**WORK INSTRUCTIONS**:
Please transcribe exactly the lines from the line holding "Cadinê La Spezia" through the end of the data below, and skip any pictures.

Dataset items:
______

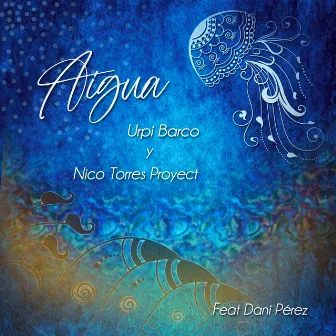 Aigua by Urpi Barco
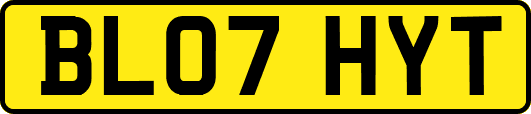 BL07HYT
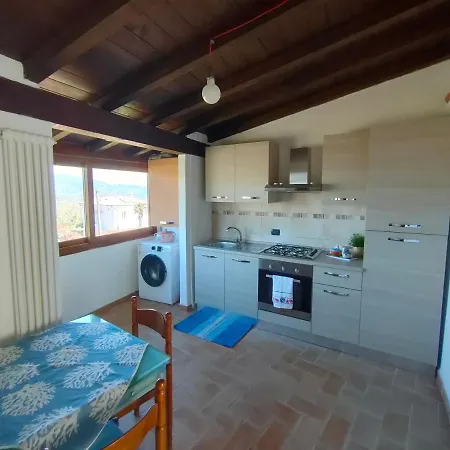 Cadinê La Spezia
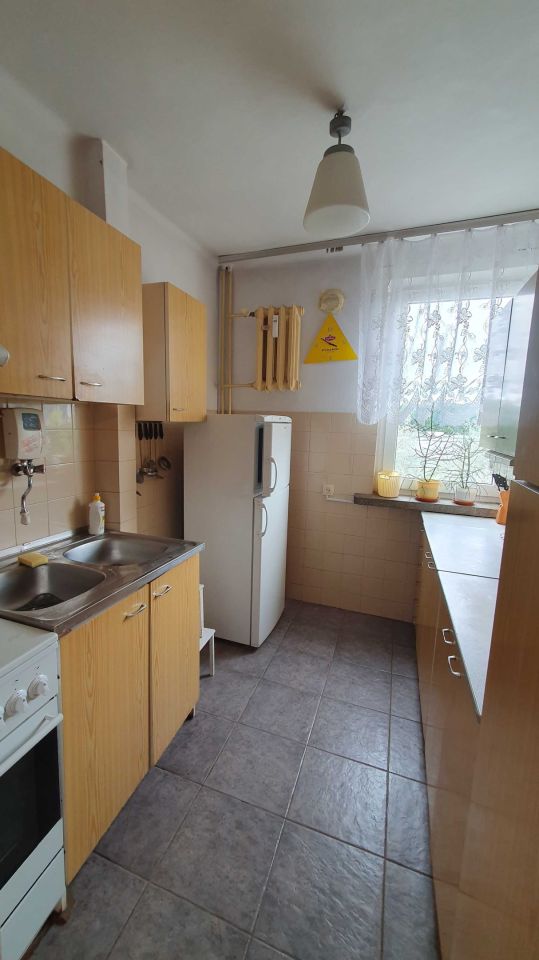 Mieszkanie 3-pokojowe Kraśnik Kraśnik Fabryczny, ul. Metalowców. Zdjęcie 2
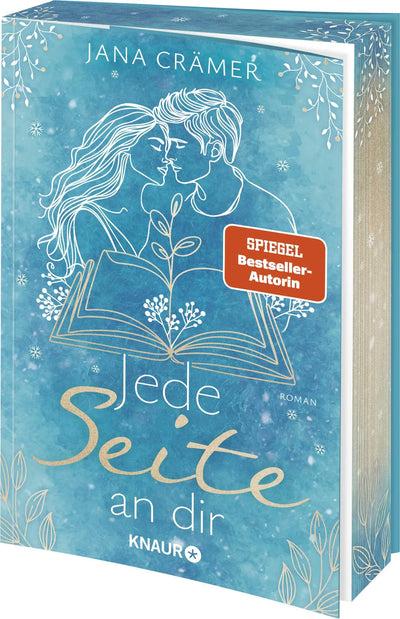 Jede Seite an dir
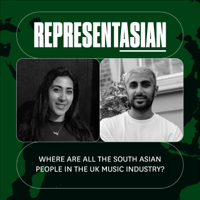 Episode 9 - DJ Rekha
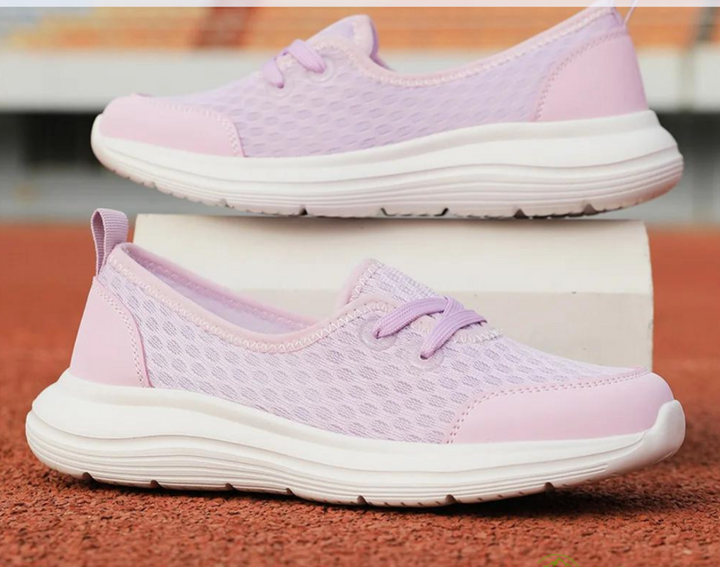 Orthopädische Schmerzlinderungs-Schuhe für Damen – Selina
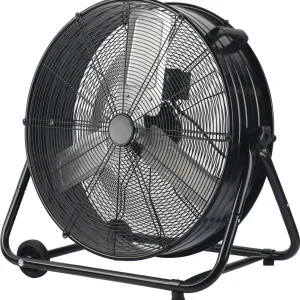 Ventilatore Alta Velocità 180W D.60 EFFE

______

**RESULT OF THIS TASK**:
 Cadinê La Spezia
 Mieszkanie 3-pokojowe Kraśnik Kraśnik Fabryczny, ul. Metalowców. Zdjęcie 2
 Jede Seite an dir
 Episode 9 - DJ Rekha
 Orthopädische Schmerzlinderungs-Schuhe für Damen – Selina
 Ventilatore Alta Velocità 180W D.60 EFFE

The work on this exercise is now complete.